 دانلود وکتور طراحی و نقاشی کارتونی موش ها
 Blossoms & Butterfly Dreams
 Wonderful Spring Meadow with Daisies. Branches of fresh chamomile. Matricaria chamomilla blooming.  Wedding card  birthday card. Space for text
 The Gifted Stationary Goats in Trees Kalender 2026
+++
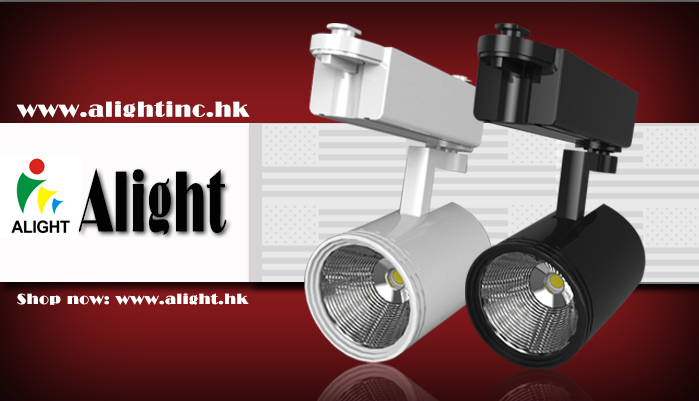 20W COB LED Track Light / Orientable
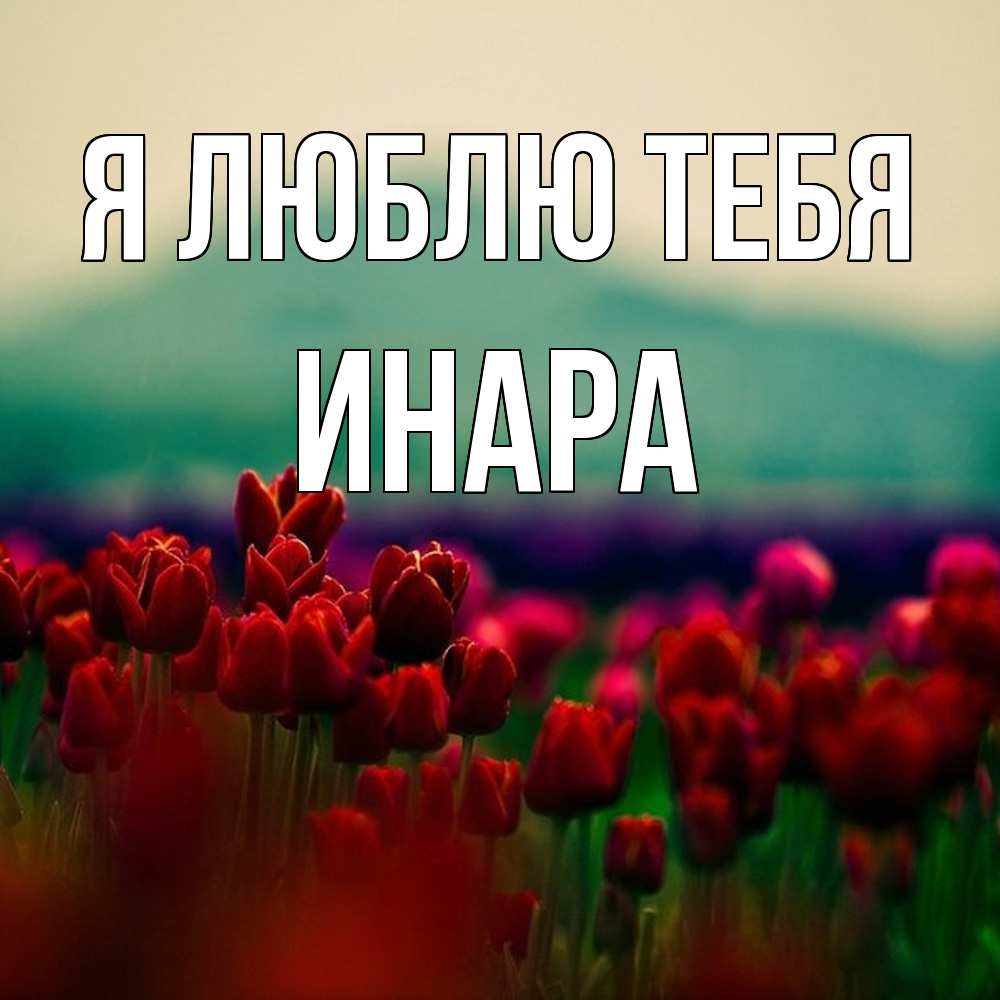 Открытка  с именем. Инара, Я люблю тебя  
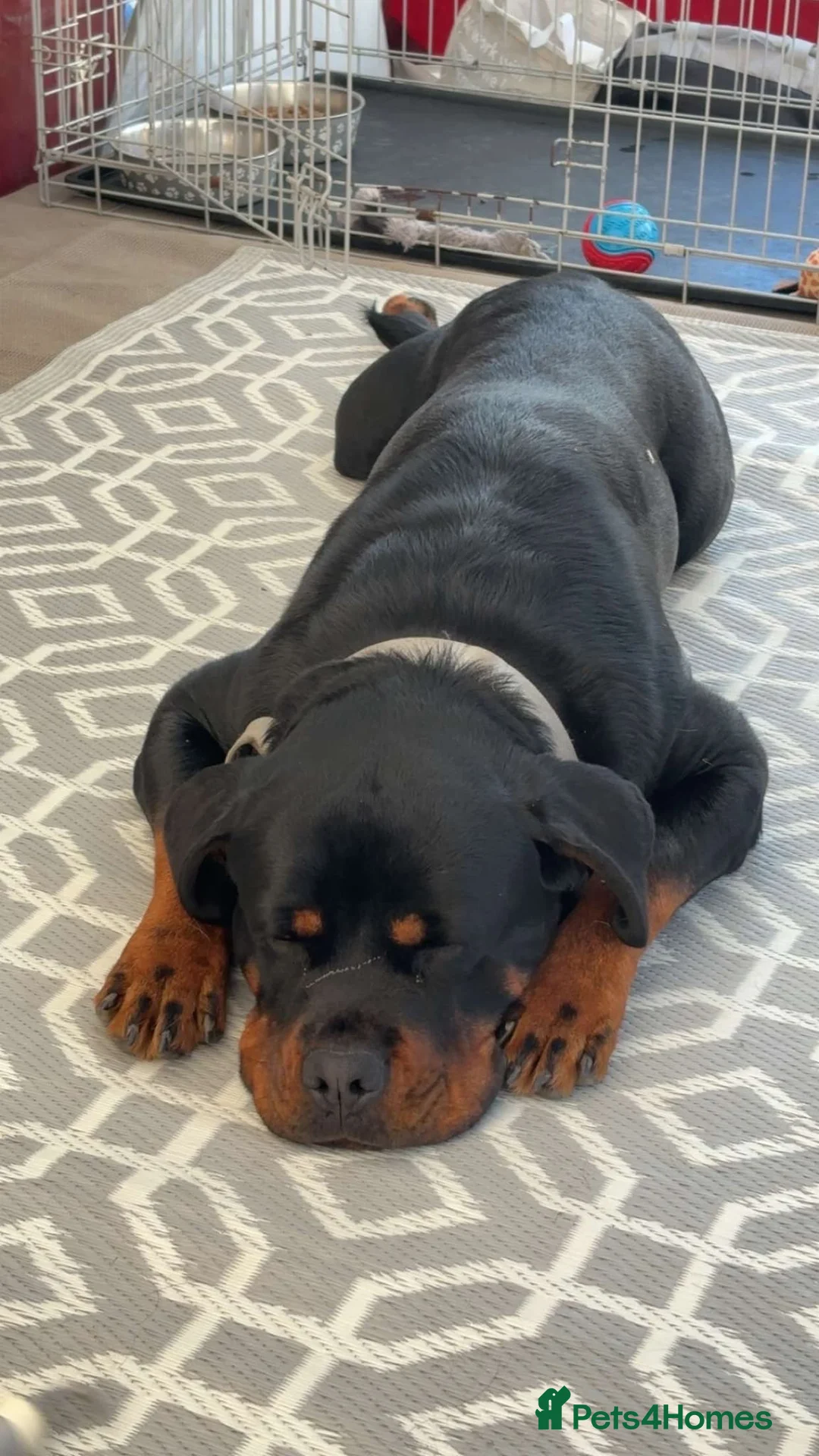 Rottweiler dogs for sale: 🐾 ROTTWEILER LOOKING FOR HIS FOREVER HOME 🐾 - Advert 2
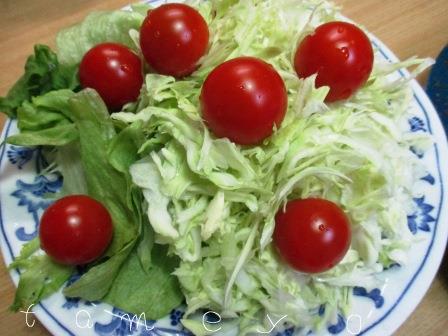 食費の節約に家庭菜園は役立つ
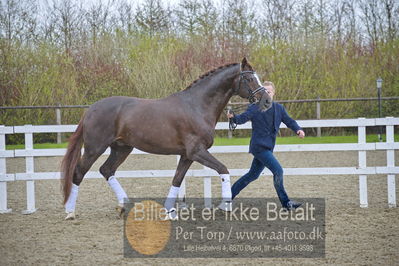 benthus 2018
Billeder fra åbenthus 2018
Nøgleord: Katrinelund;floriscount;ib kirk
+++
YOUR OBJECTIVE
Using the records above, print exactly the run of lines that starts with the line with "20W COB LED Track Light / Orientable" and goes on through the line with "Nøgleord: Katrinelund;floriscount;ib kirk", pictures excluded.

YOUR RESPONSE
 20W COB LED Track Light / Orientable
 Открытка  с именем. Инара, Я люблю тебя  
 Rottweiler dogs for sale: 🐾 ROTTWEILER LOOKING FOR HIS FOREVER HOME 🐾 - Advert 2
 食費の節約に家庭菜園は役立つ
 benthus 2018
Billeder fra åbenthus 2018
Nøgleord: Katrinelund;floriscount;ib kirk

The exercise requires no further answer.